In America today it’s generally frowned on to be a bigot. Well, almost.
If you harbor negative racial animus, or even undue positive/supremacist racial views quite a few people will call you out and openly criticize the validity of your thinking. Racists are shunned and ridiculed for good reason. If they implement their racism through their business or through a position in government they may be liable for legal action, criminal penalties up to and including hate crimes.
In recent weeks we’ve seen the awakening — finally — of a similar reaction when it comes to sexual harrasers and predators who pray on those of the opposite gender. [And sometimes the same gender.] So many are repulsed by these allegations, they feel that it’s too much to even associate with these accused persons — sometimes long before the allegations are vetted by court proceeding— lest the stench of approval for those predatory actions latch on to all in the vicinity. Thus Roger Ailes is fired. Bill O’Reilly is fired. Eric Bolling is Fired. Charles Payne is suspended. Harvey Weinstein is fired. Louie CK is fired. Kevin Spacey is fired.
However we’ve also seen something else.
We’ve seen a completely different type of response to these types of transgressions based on the perceived political ideology of the accused, and the political ideology of those reporting, commenting on and analyzing their actions.
We react predictably to neo-Nazis with Tiki torches chanting “Jews Will Not Replace Us”, but truly many of their views are not just Racial, they’re also quite political in construction. Remove the torches and the racial/religious references and it’s easy for people who are openly bigoted politically to have their say and it’s not only accepted, it’s expected. No one apparently is able to be non-partisan, nearly everyone is expected to have a self-aggrandizing politician slant and skew. Someone without a political agenda is immediately suspect of simply pretending and hiding their “true” agenda. It’s so common we don’t even comment on it or frankly notice it so much anymore.
Also we seem to have no inclination or idea of what to do about it.
It’s literally reached the point that we practically don’t see the world and reality in anywhere near the same way across ideological lines.

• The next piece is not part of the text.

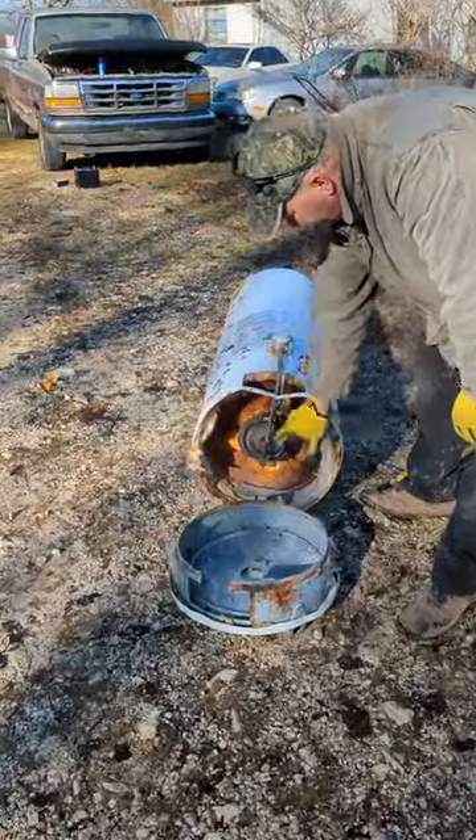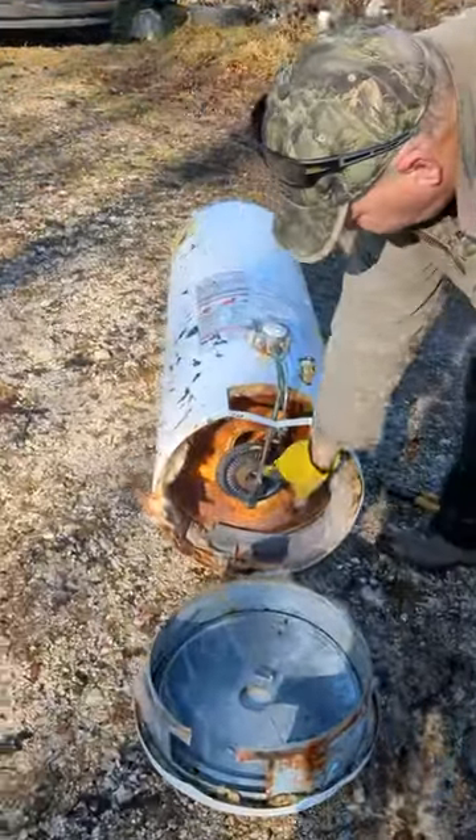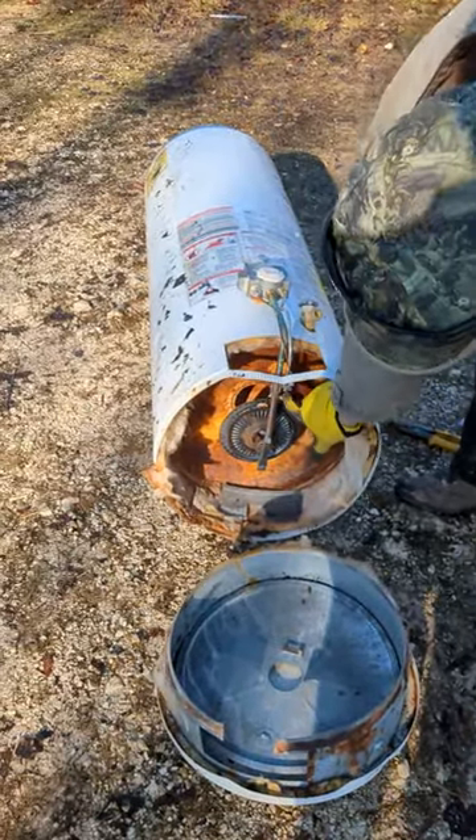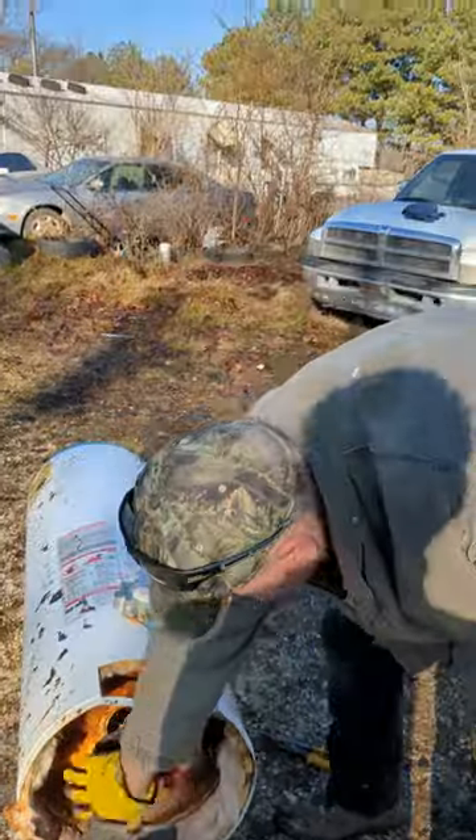The bottom comes off. Here's your burner. The main fuel goes in here. The pilot light is here. This is your thermocouple, and sometimes you can sand that. It heats up the tank right there.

Here in this clip Brian Stetler questions how some of the right-wing defenders of Roy Moore can sleep at night as they repeatedly question the “timing” of recent allegations against him. Stetler notes that the Washington Post wasn’t looking for these allegations, they were simply doing a profile on Moore and stumbled into this. It wasn’t planned as a “political hit job” they were just reporting what they found. The timing had to do with his winning the GOP nomination for Senate and the WaPo became curious about him.. The story has blown up largely because of allegations regarding Roger Ailes, Bill O’Reilly, Harvey Weinstein and Kevin Spacey came to light at about the same time — which is why some of his accusers were willing to come forward on the record, not because of shenanigans by the Post.
And here you have a Moore supporter who says that the assault on Mrs Nelson by Moore when she was 14 years old would have been misdemeanor at the time and the statute of limitations expired in 1986 — which is true — but then he goes on to claim that “Barack Obama did Cocaine” and “Bill Clinton smoked marijuana” and those were years ago so they weren't considered relevant either.
Barack Obama does mention his own drug use in his book ‘Dreams From My Father” as noted in 2008 by the “Liberal” NyTimes.
Nearly three decades ago, Barack Obama stood out on the small campus of Occidental College in Los Angeles for his eloquence, intellect and activism against apartheid in South Africa. But Mr. Obama, then known as Barry, also joined in the party scene.
Years later in his 1995 memoir, he mentioned smoking “reefer” in “the dorm room of some brother” and talked about “getting high.” Before Occidental, he indulged in marijuana, alcohol and sometimes cocaine as a high school student in Hawaii, according to the book. He made “some bad decisions” as a teenager involving drugs and drinking, Senator Obama, now a presidential candidate, told high school students in New Hampshire last November.
So in this case, he’s right, and the person in the wrong is Brooke Baldwin who reacts like he just accused them both of being secret axe murderers. To her It’s beyond the pale for her to even consider the possibility that Barack Obama once did Cocain. Well, yeah, he did and he said so in writing and in public. He did try it out in High School, but what he discovered then was he didn’t like it — so he stopped. Sometime we all have blinders on, willfully so.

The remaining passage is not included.